シングル・モルトウィスキー“TALISKER”の背景にある物語や奥深い世界観から発想されたコンセプト・アルバム
ジャズ、ボサ・ノヴァ、ソウル、ヒップホップといったさまざまなジャンルの音楽を独自の配合で混ぜ合わせた先端系ダンス・ミュージック“ジャジー・ヒップホップ”シーンの最重要人物と称されるKenichiro Nishihara。ジャズのエッセンスを日常に寄り添うポップスにまで昇華させた2ndアルバム『LIFE』から1年ぶりとなるニュー・アルバム『Rugged Mystic Jazz for TALISKER』を完成させたばかりの彼には、“ジャジー・ヒップホップ”といういちジャンルのラベルはすでに似合わなくなっているようだ。

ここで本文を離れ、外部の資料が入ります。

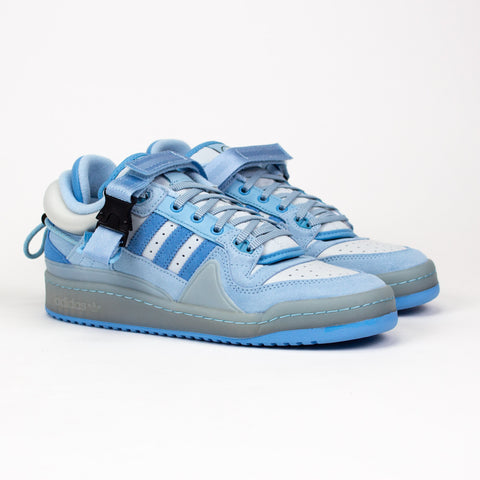 adidas Forum Buckle Low Bad Bunny Blue Tint
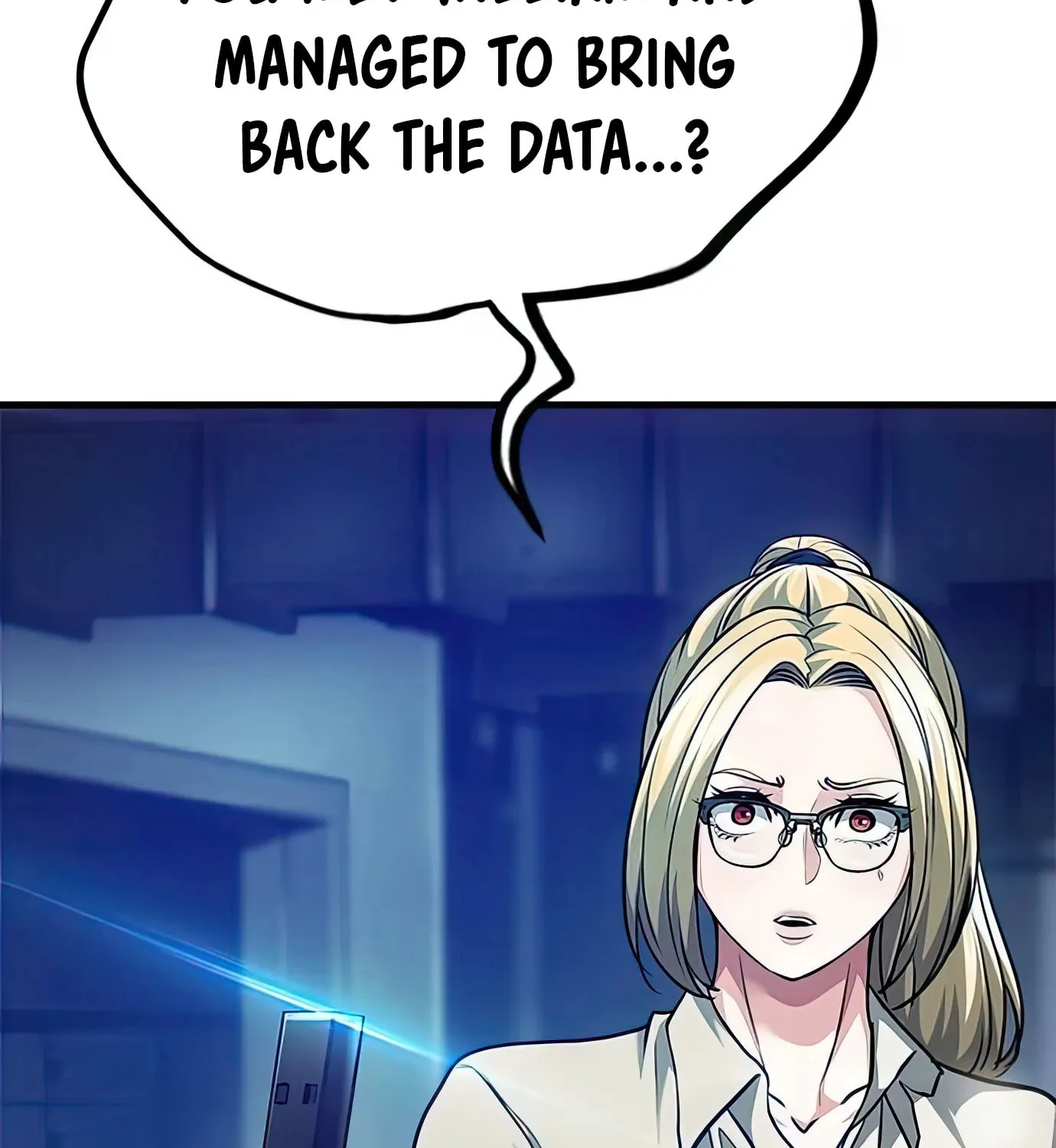 Read Secret Player chapter 81 image 154 on Lezhin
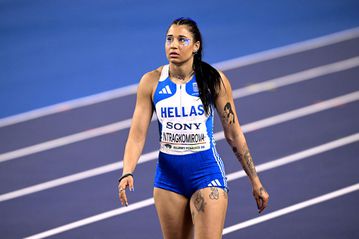 Στην 11η θέση η Ντραγκομίροβα στο πένταθλο στο Παγκόσμιο του Τορούν! (vid)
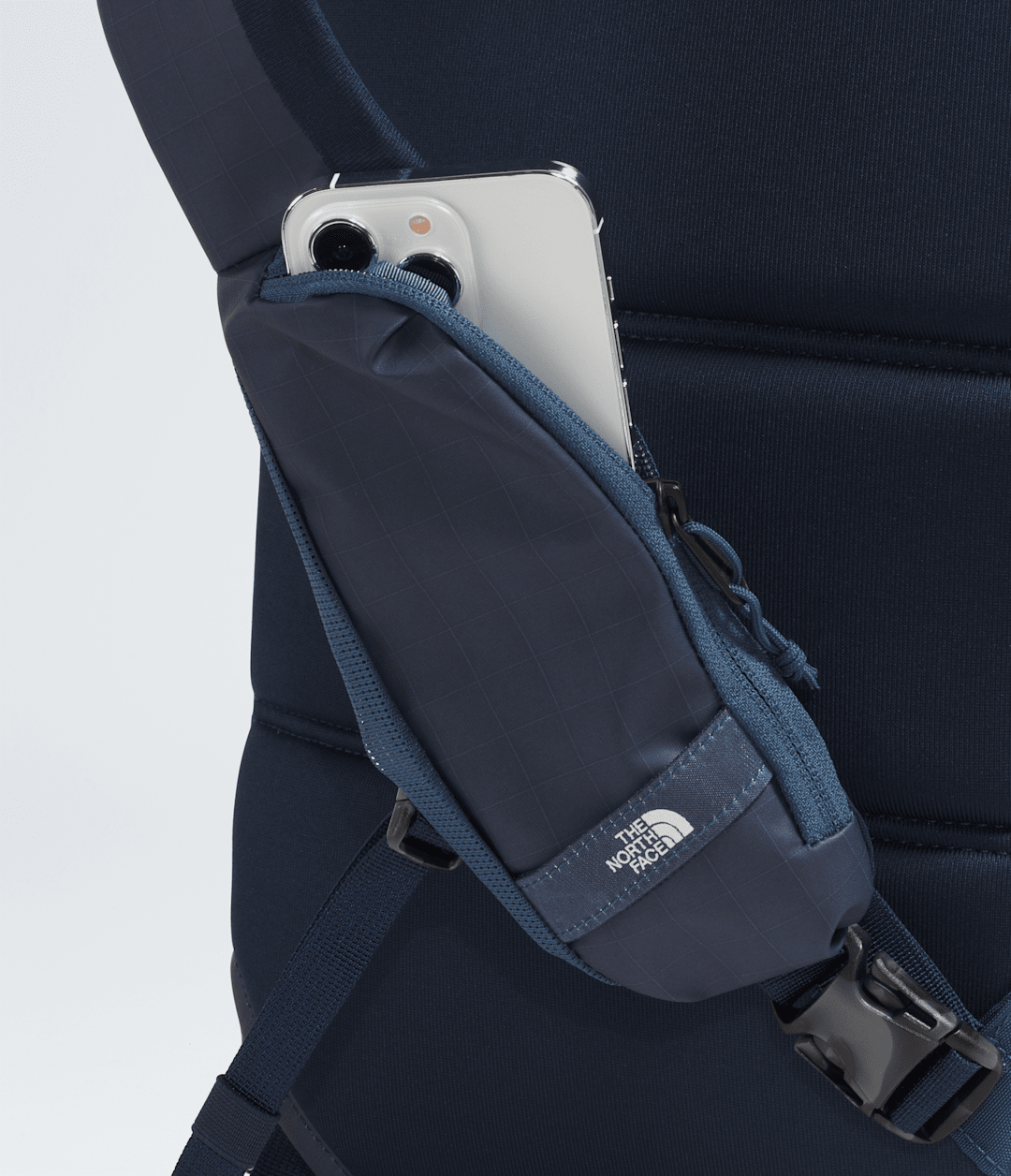 Base Camp Voyager Sling - Shady Blue/Summit Navy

「ジャズをサンプリングしている“ジャジー・ヒップホップ”が好きでずっと聴いてきたんですけど、今は巷に溢れ過ぎていて、ジャジー・ヒップホップのようなサウンド・プロダクション自体があまり新鮮ではなくなってしまったんですよね。もうちょっとダヴィーというか、ダブっぽい手法であったり、BPMも含めて、メロウなビート感に興味が向くようになった。いままでとはちょっと違うものを作りたいなっていう気分のときに出会ったのが、TALISKERだったんです」(Kenichiro Nishihara、以下同)

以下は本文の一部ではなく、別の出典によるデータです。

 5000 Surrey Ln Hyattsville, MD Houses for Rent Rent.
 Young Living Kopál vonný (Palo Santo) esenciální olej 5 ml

ソロ作品としては自身3枚目となるアルバム『Rugged Mystic Jazz for TALISKER』は、シングル・モルトウィスキー“TALISKER”にインスパイアされたコンセプト・アルバムとして制作されている。
「偶然の出会いだったんですけど、TALISKERというシングルモルト・ウィスキーのバックグラウンドにある、いろんな物語や奥深い世界観に興味を惹かれたんですよね。製造しているのが、イギリスの北西にあるスカイ島という孤高の島で、ケルト神話をはじめとしたケルト文化が根付いている島であって。そこで、ある種、旅情にも似た、“どこかに行きたいな”っていうインスピレーションを得ることができたんです。発想の源のひとつとして、TALISKERを出発点とした音楽が作れたら面白いんじゃないかって」
ソロ・アーティストとしての活動に加え、高校生の頃からファッション・ショーなどでの音楽ディレクションを手掛けてきた彼にとって、「音楽とお酒は切っても切り離せないもの」だと言う。
「10代の頃からずっと音楽の仕事をやってきているので、いまや音楽が自分の人生のなかですごく大きなものになっているんですね。そんな音楽と同等のインスピレーションを与えてくれるものはなにかなって考えたときに、シングル・モルトウィスキーであれば、音楽と対等に存在できるって思ったんですね。お酒を飲みながら音楽を聴いて、音楽の聴こえ方が違って聞こえるのであれば、それは素晴らしいお酒だろうし、逆にお酒の個性さえ変えてしまう音楽であれば、それは素晴らしい音楽なんじゃなかって。TALISKERと僕の作った音楽で、そういうやり合いが楽しめたらいいなと思ったんです」
マッコイ・タイナーや
ロニー・リストン・スミス、
ザ・ポリスや
シスター・スレッジのカヴァーを含めた全9曲は、波が岩にぶつかるような音が聞こえるイントロダクションから始まり、波の音が遠ざかっていく「Waves Dub」というエピローグのような曲で終わる。想像力をかき立てるピアノのメロディを主体とした音楽は、聴き手に見たことがあるようでない、不思議な風景を引き連れてくる。彼は、そんな旅する音楽に、2008年にリリースした1stアルバム『Humming Jazz』以来となる“ジャズ”という単語を登場させている。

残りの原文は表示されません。